{} and () in || statement in shell script

Question

i am writing a shell script which should exit in some cases, my current code is:

 set -e 

    Running A || (echo "failed to run A"; exit 1)
    Running B || (echo "failed to run B"; exit 1)
    if Condition C
    then 
       Running D || (echo "failed to run D"; exit 1)
    ....

and it worked as expected, it passes if A/B runs well, echo message for me if A or B failed, but i have not tested D failed yet. My understanding is if A or B failed, it will go to code after "||", echo error, then exit subshell and return false. So the whole line is "false||false" so it exited because i have "set -e" at the beginning. But then i read How to exit if a command failed? it mentioned "set -e" is dangerous because it won't be triggered inside if statement, so does it mean that it won't work if my "Running D" command fails?(meanning it won't exit and will continue executing next command). Also, i tried to use {} as the above post suggests, but it's weird. if i change it to:

#set -e
Running A || {exit 1}

it's correct, meaning if A successes, continue next command, if A fails, exit script. But if i change to

#set -e
Running A || {echo "running A failed";exit 1}

it always exited here no matter A successes or fails.

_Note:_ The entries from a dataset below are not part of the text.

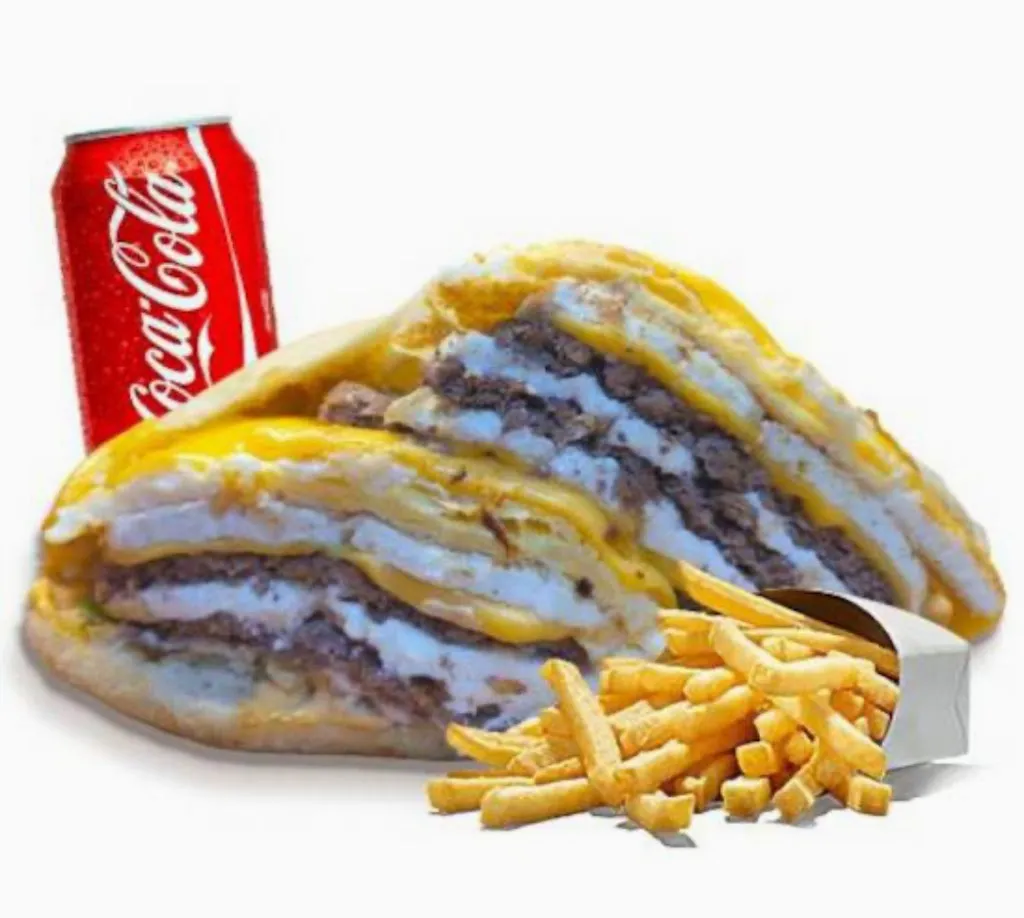 Menu_Le Capitaine_Tôtes_image_6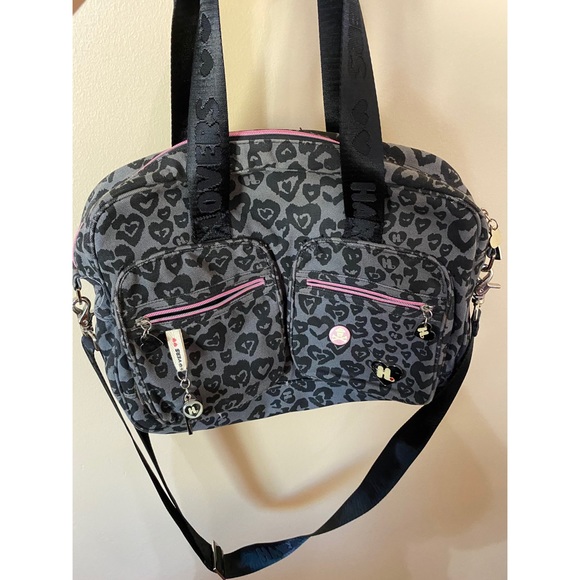 Harajuku Lovers Handbags - Harajuku Lovers Bag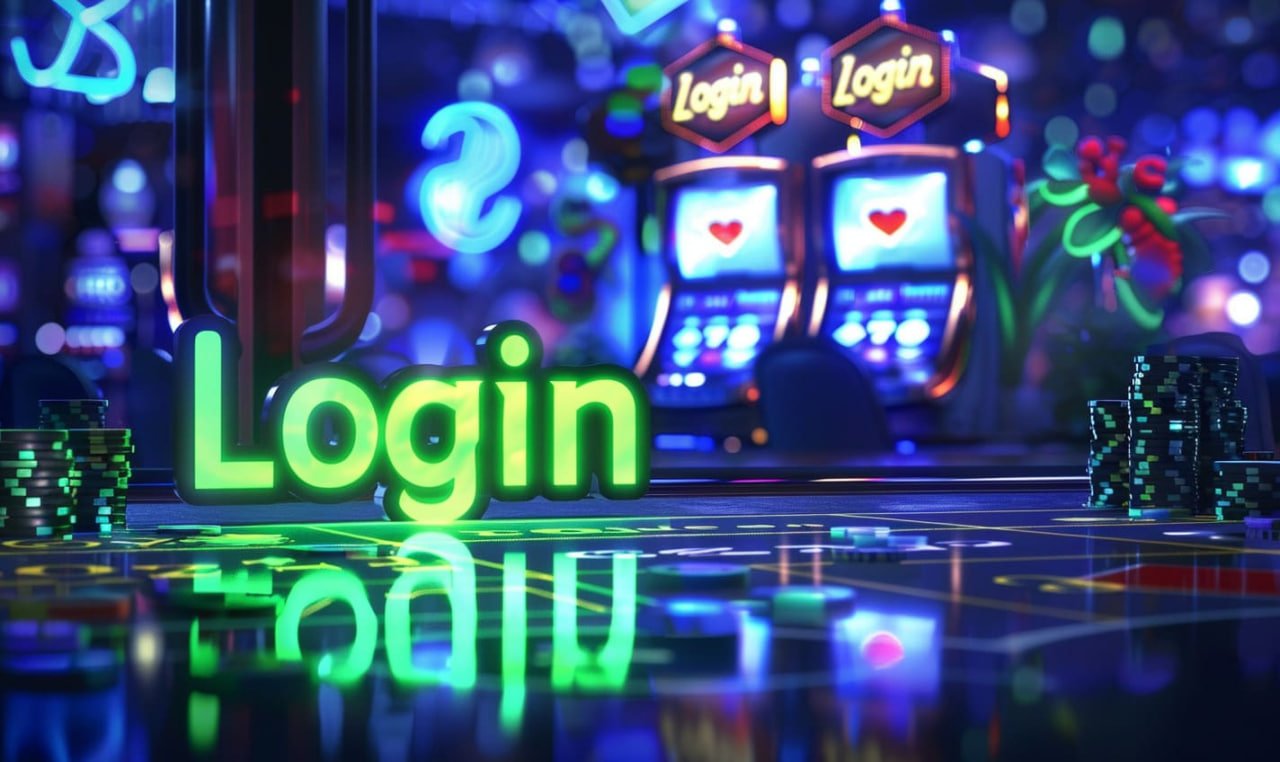 bacan 4d featured game showcase bacan 4d featured game showcase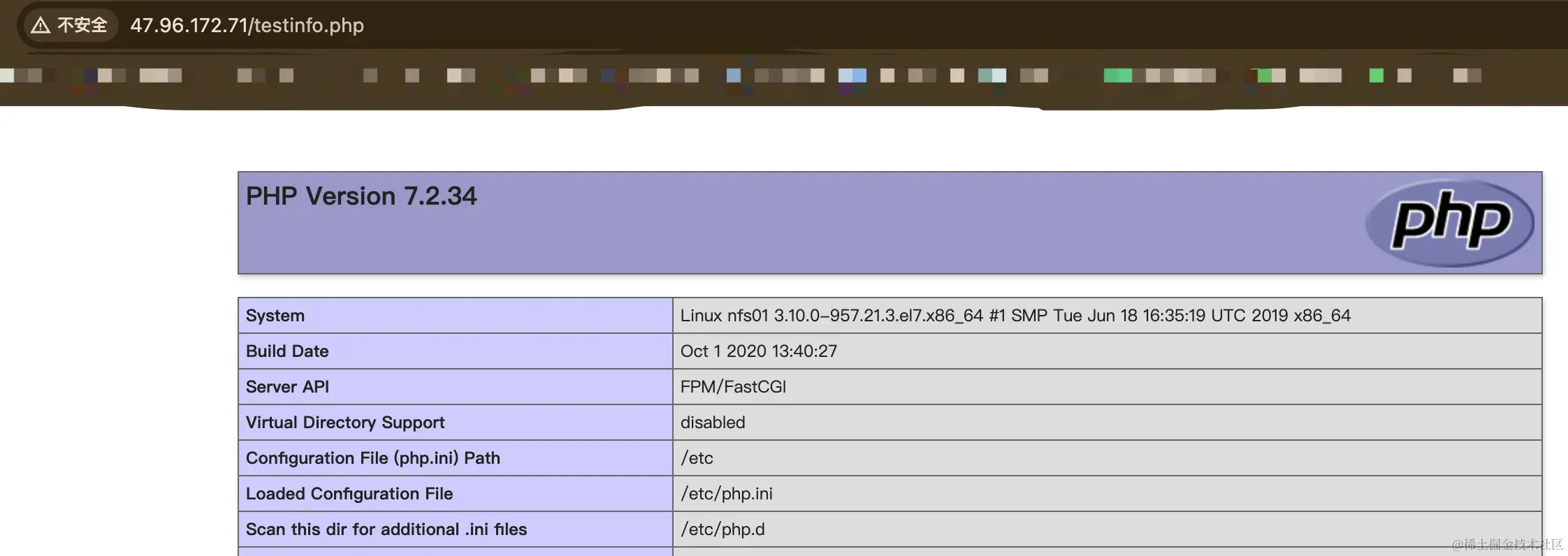 image-20240307190249340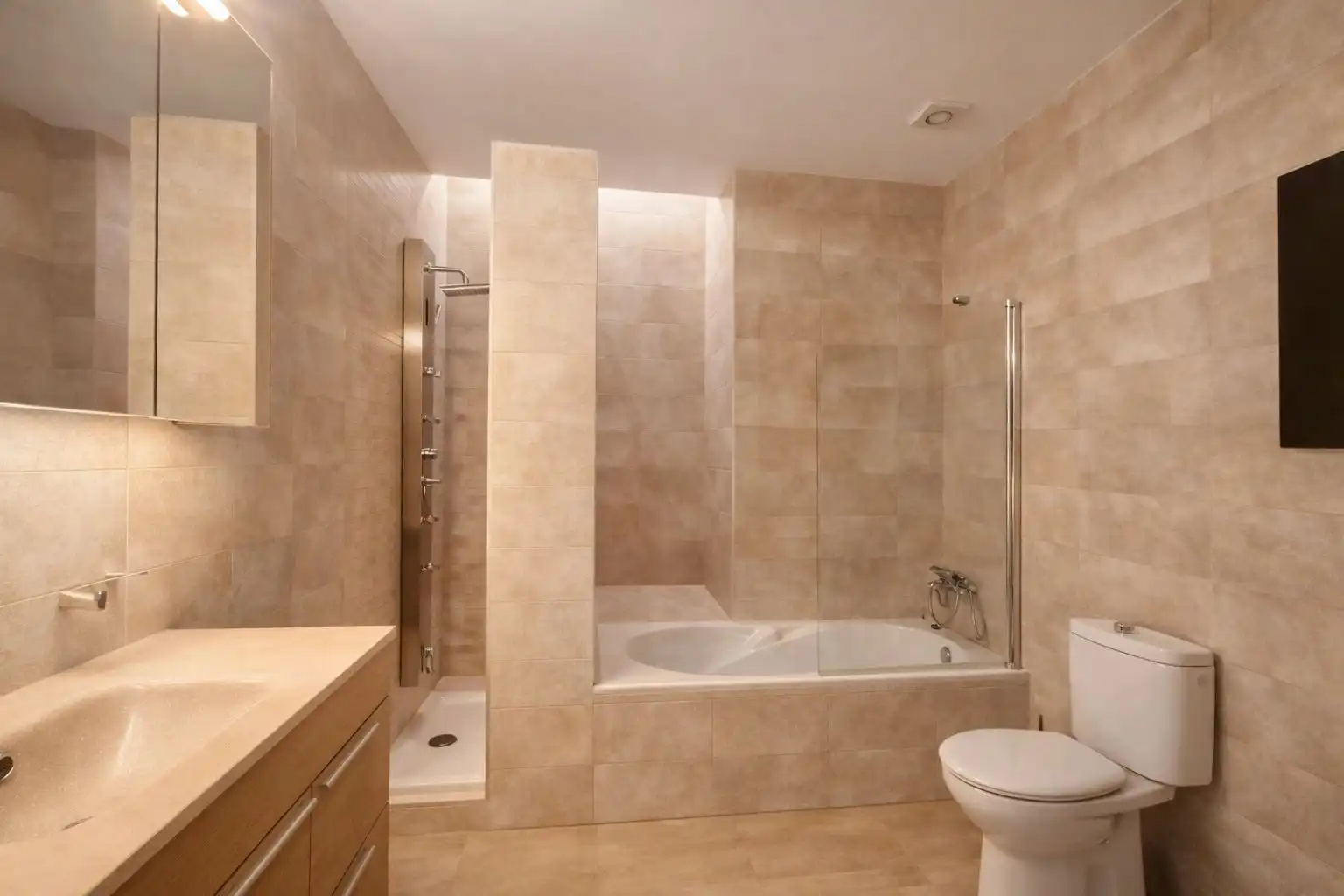 Casa con piscina en venta en Las Bayas, imagen 37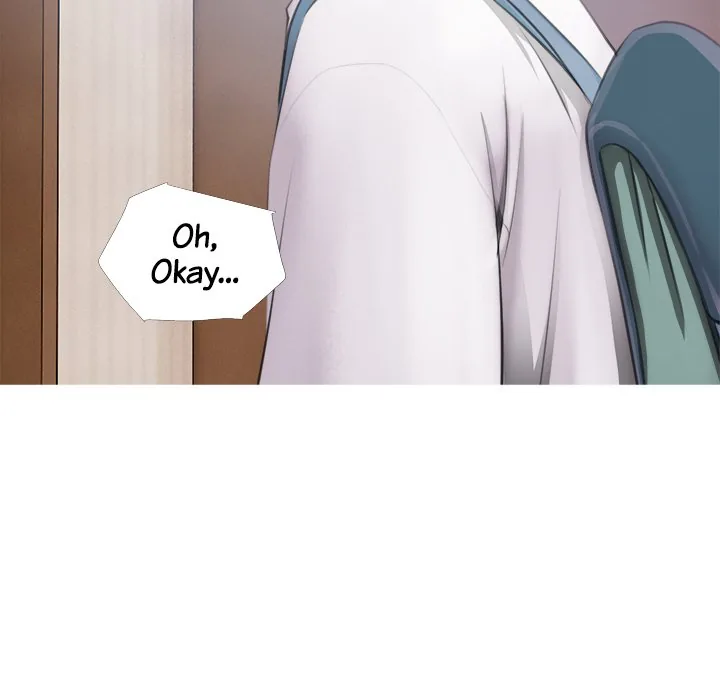 Read Ms. Master chapter 1 image 61 on Lezhin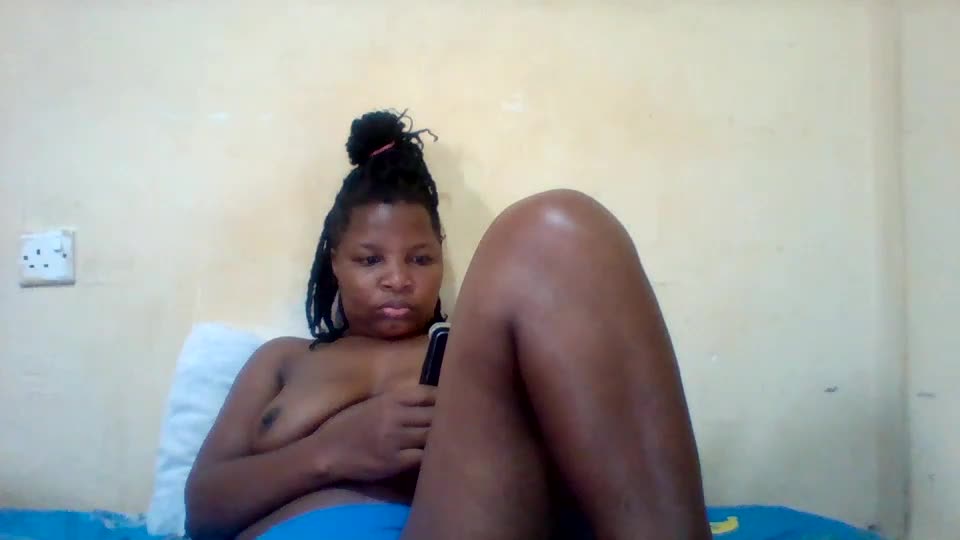 camillah_sweet Webcam Chat June 30, 2026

What is wrong? Also i am a bit confused now which is the best way to exit in my case? i should use "set -e" or "{}"? Thanks!

Answer 1

Using ( ) spawns a sub-shell, while using { } does not, the latter allowing the enclosed exit to directly terminate your script.

The group command syntax using { } is a little picky about syntax. You have to separate the brace characters from others with whitespace. You also need to use a trailing semicolon after the last command in the group.

Given the above constraints, try changing:

Running A || {echo "running A failed";exit 1}

... to:

Running A || { echo "running A failed";exit 1; }